+++ Task data
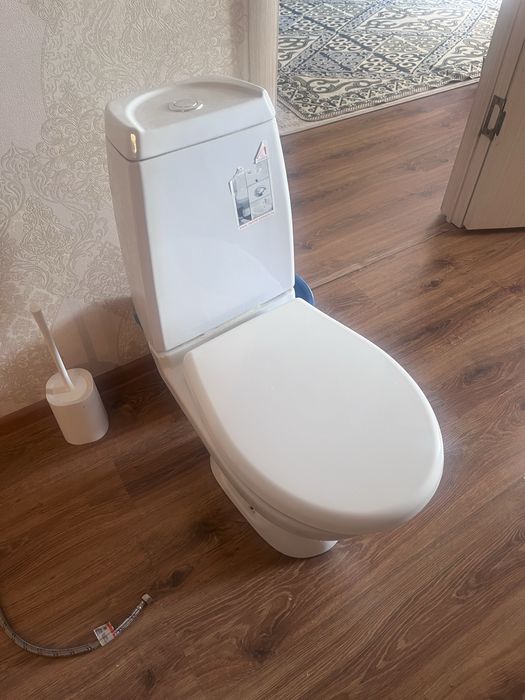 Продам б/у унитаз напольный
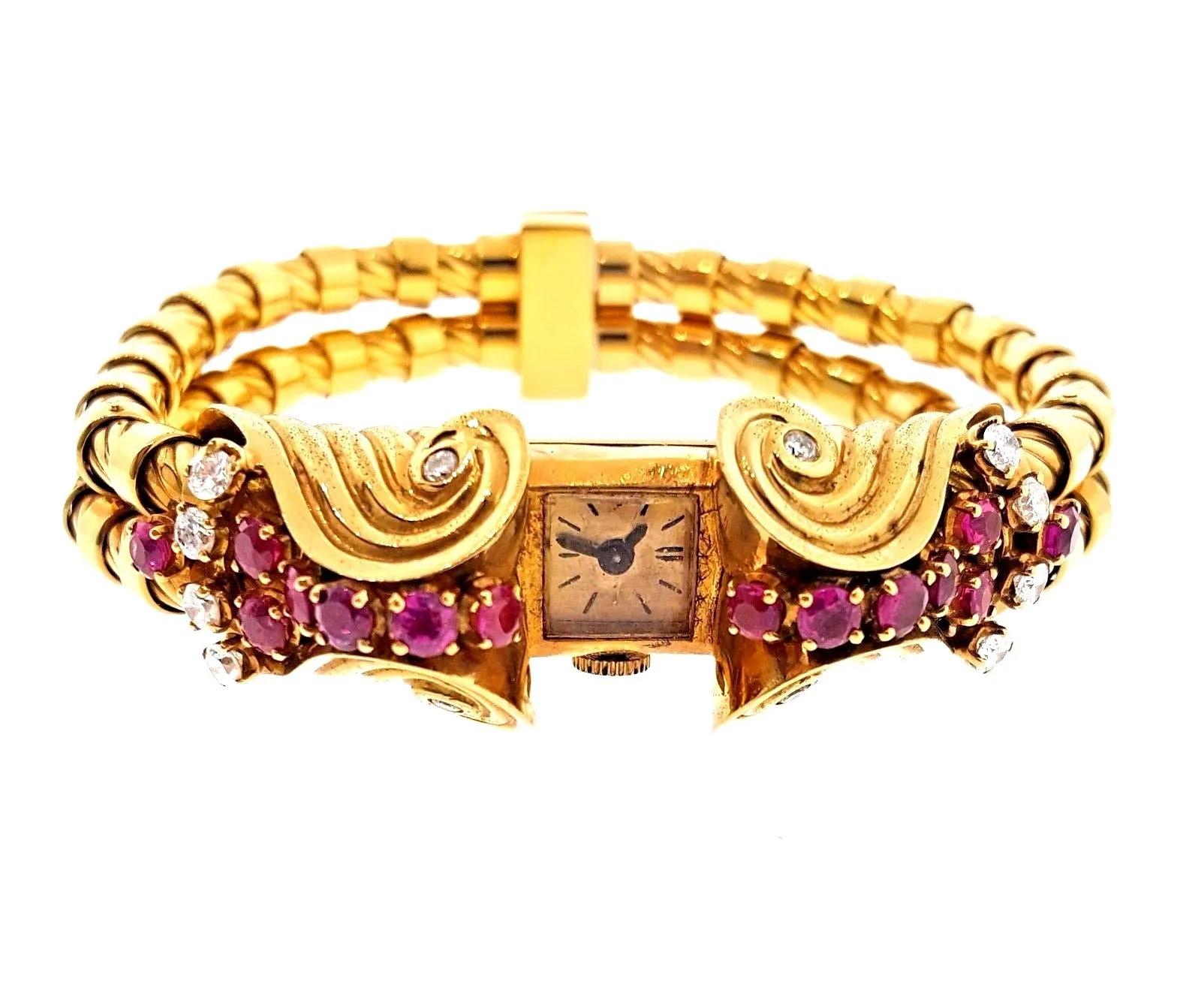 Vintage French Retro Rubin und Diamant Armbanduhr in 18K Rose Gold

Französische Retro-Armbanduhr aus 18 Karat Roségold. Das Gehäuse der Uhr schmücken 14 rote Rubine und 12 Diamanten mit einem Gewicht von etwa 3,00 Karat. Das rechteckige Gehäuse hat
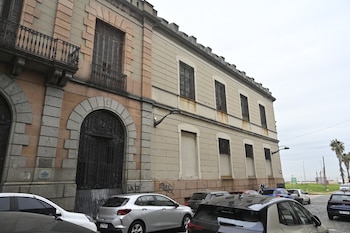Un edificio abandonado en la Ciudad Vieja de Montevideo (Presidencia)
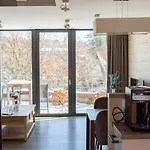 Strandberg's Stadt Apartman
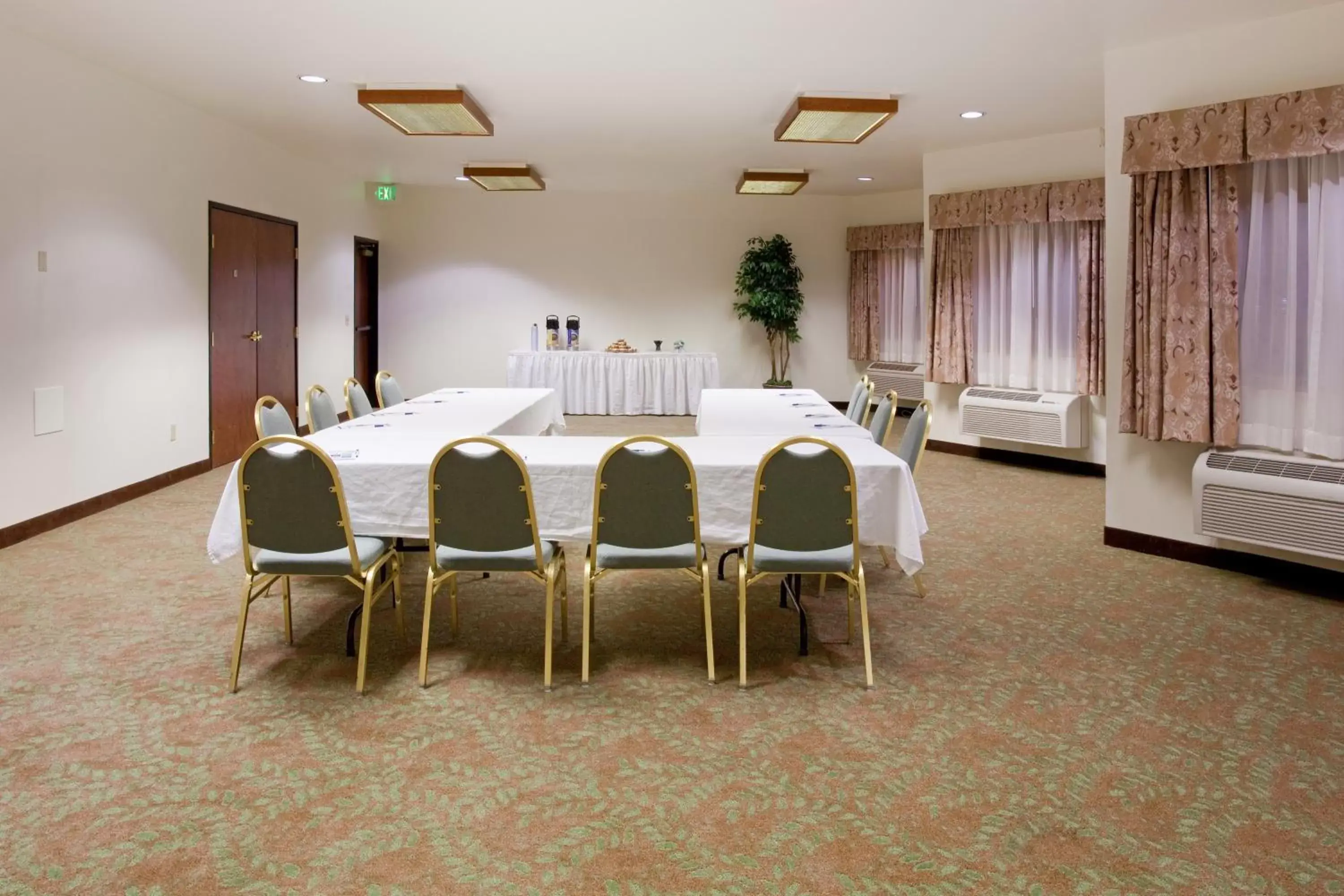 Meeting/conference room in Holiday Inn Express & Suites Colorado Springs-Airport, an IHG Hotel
++++++
• [What this task involves]: All that the answer may contain is the exact text of the lines from the one with "Un edificio abandonado" through the last line of the material, pictures excluded.

• [Response]:
Un edificio abandonado en la Ciudad Vieja de Montevideo (Presidencia)
 Strandberg's Stadt Apartman
 Meeting/conference room in Holiday Inn Express & Suites Colorado Springs-Airport, an IHG Hotel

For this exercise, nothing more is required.